ACTIVITY:
What is needed is every line from the one holding "ÇA MARCHE |" to the last line of the data below, printed exactly and without pictures.

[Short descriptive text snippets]
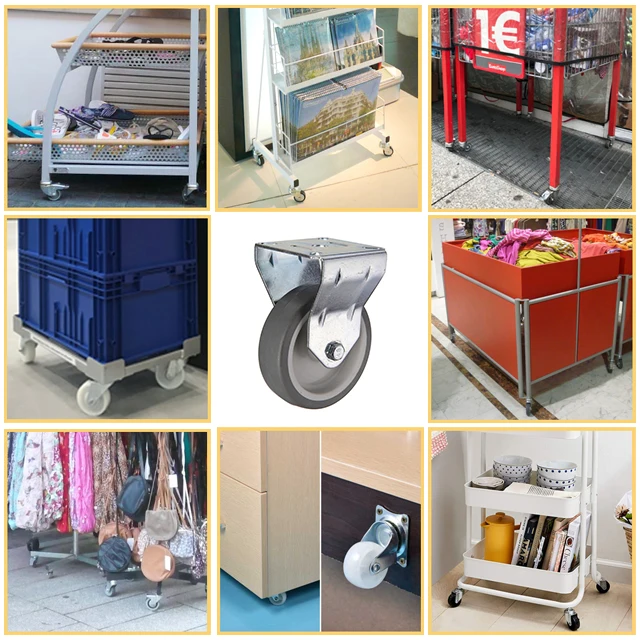 Stainless steel 2 / 3 inch high quality thermoplastic rubber castor 50 / 75 mm rigid swivel TPR wheel caster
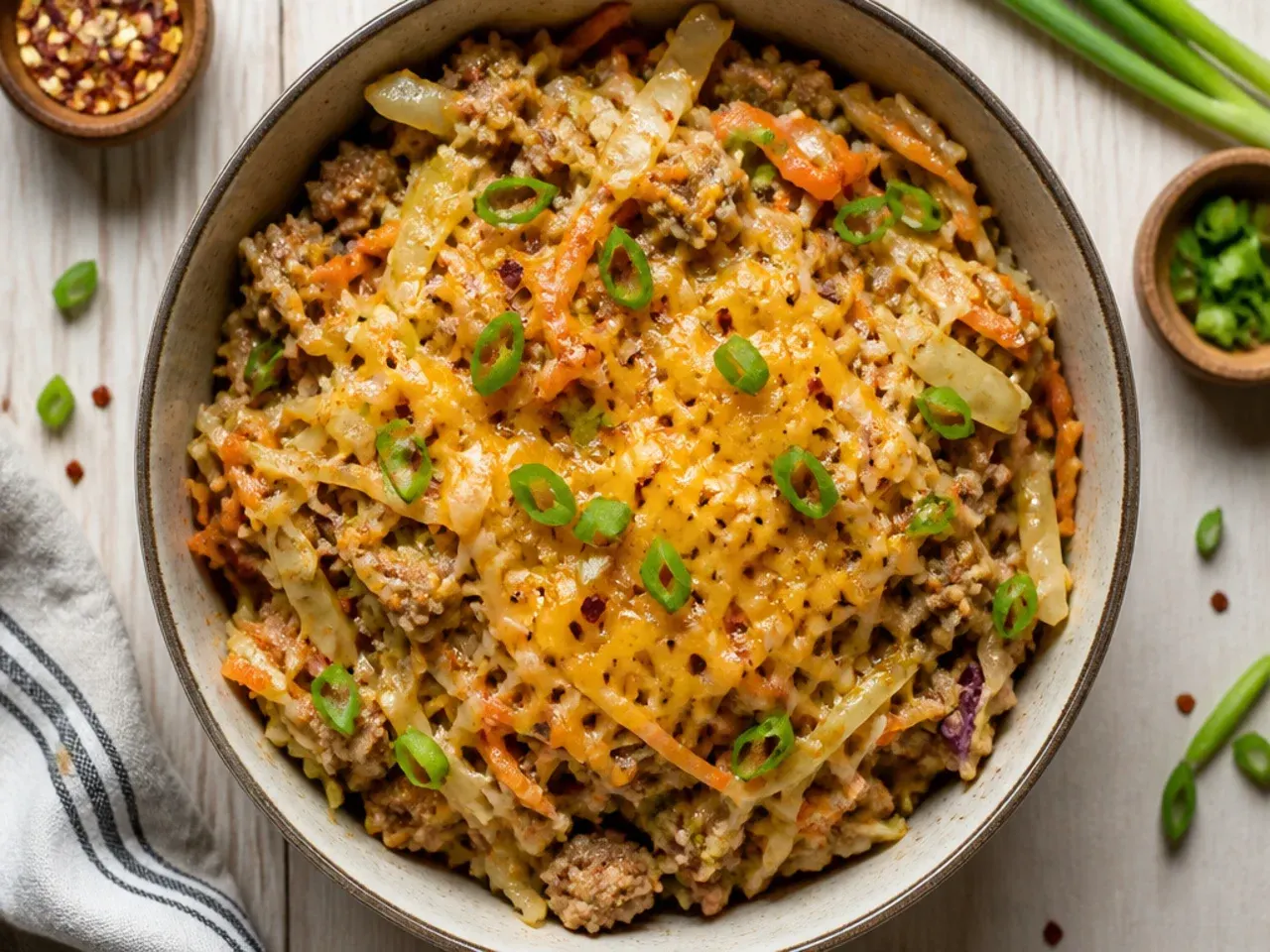 Classic turkey egg roll in a bowl with browned turkey and shredded cabbage in a cast iron skillet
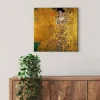 Bricoflor Art Déco Leinwand Bild Jugendstil Bild In Gold Ideal Für Schlafzimmer Und Wohnzimmer Kunstdruck Leinwandbild Mit Frau Im Art Nouveau Design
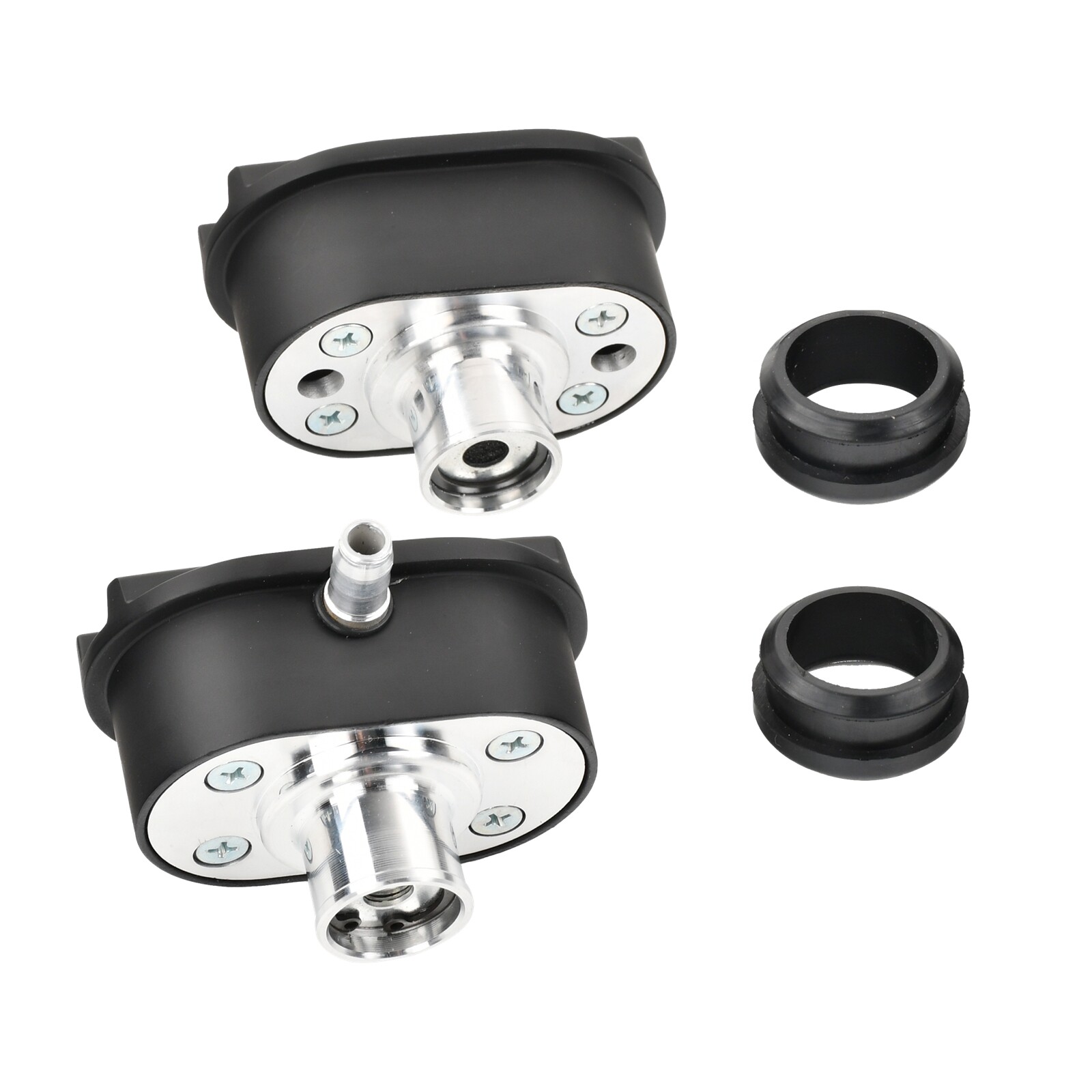 (2) Aluminum Black Finned Oval Air & PCV Breather Combo Valve Cover Nostalgia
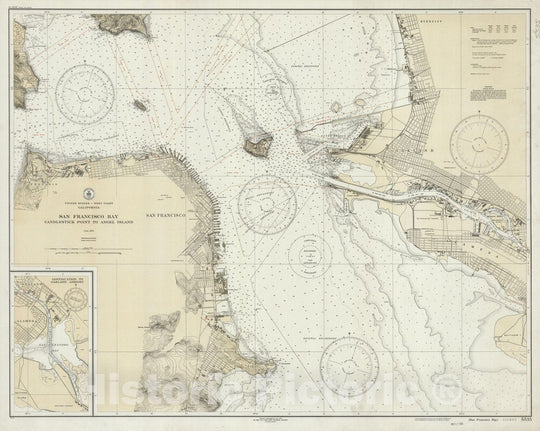 Historic Map : United States-West coast, California, San Francisco Bay 1932 - Vintage Wall Art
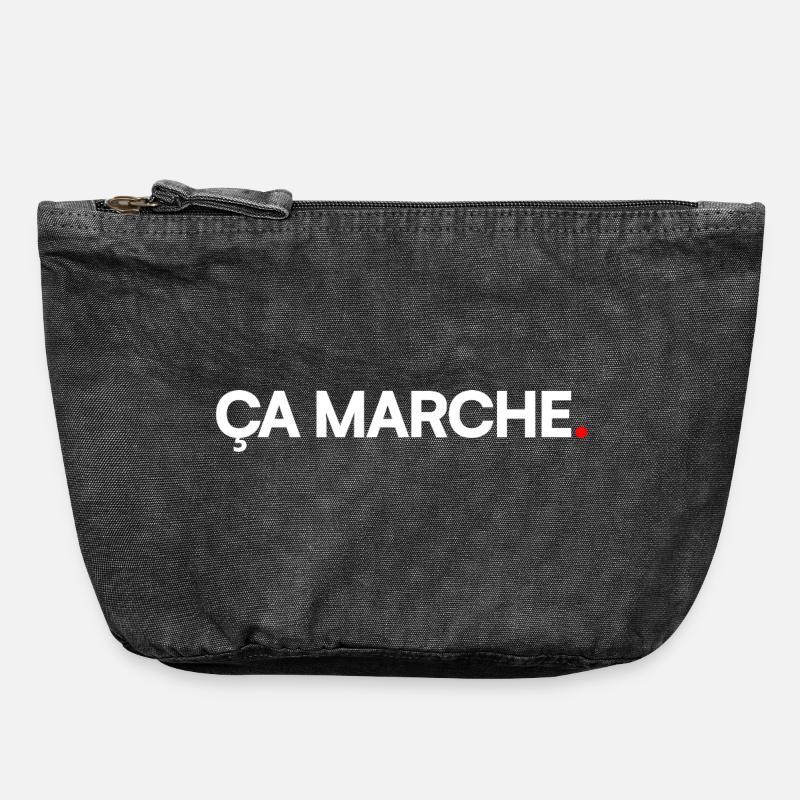 ÇA MARCHE | Expression minimal humour - Pochette zippée vintage 18 x 21 cm - noir vintage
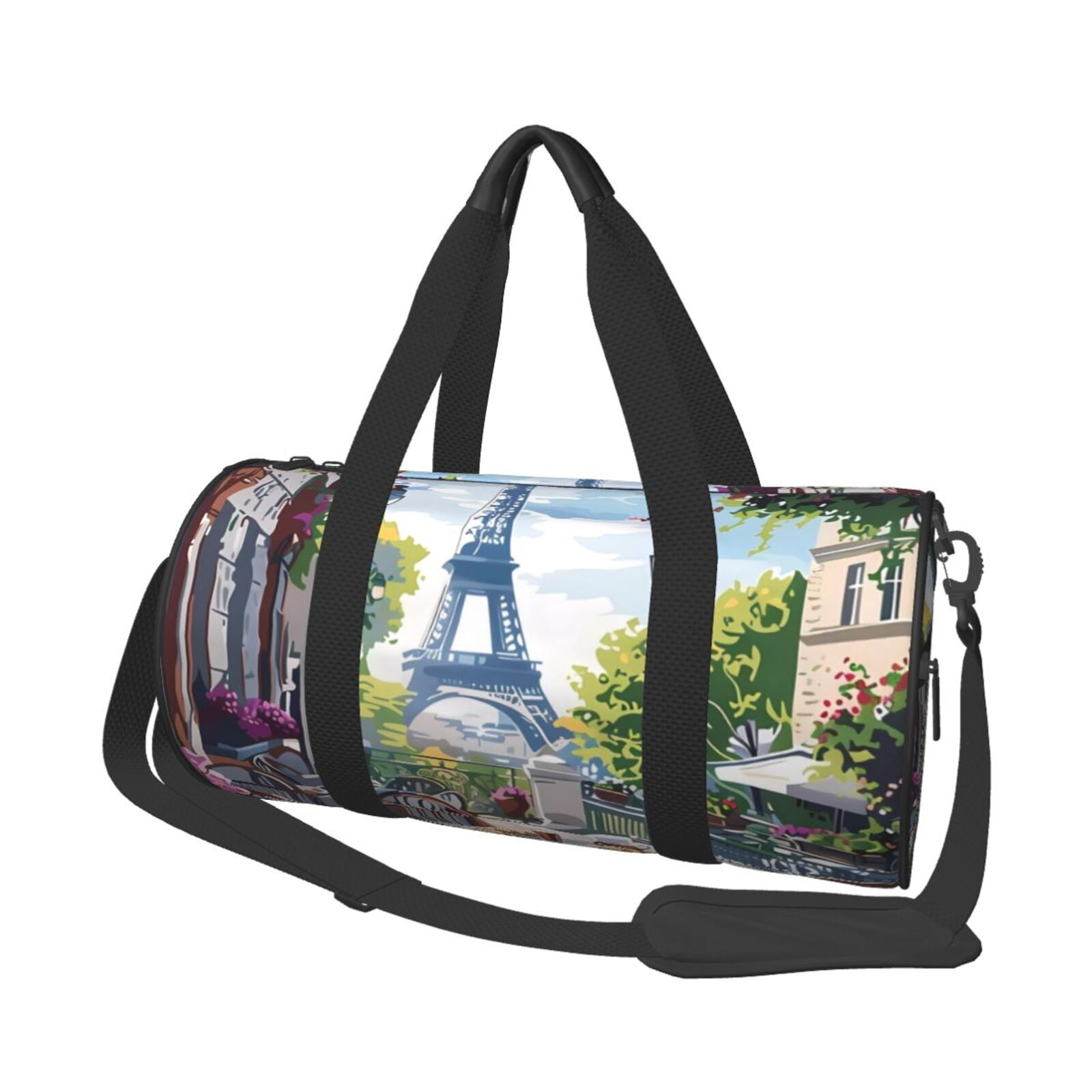 Defioc Parisian Cafe With Eiffel for Travel Duffle Bag,Weekender Bag Carry On Tote Bags Hospital Bag Large Capacity Sport Gym Bag for Men Women Fit for Trave, Gym,Weekend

TASK OUTPUT:
 ÇA MARCHE | Expression minimal humour - Pochette zippée vintage 18 x 21 cm - noir vintage
 Defioc Parisian Cafe With Eiffel for Travel Duffle Bag,Weekender Bag Carry On Tote Bags Hospital Bag Large Capacity Sport Gym Bag for Men Women Fit for Trave, Gym,Weekend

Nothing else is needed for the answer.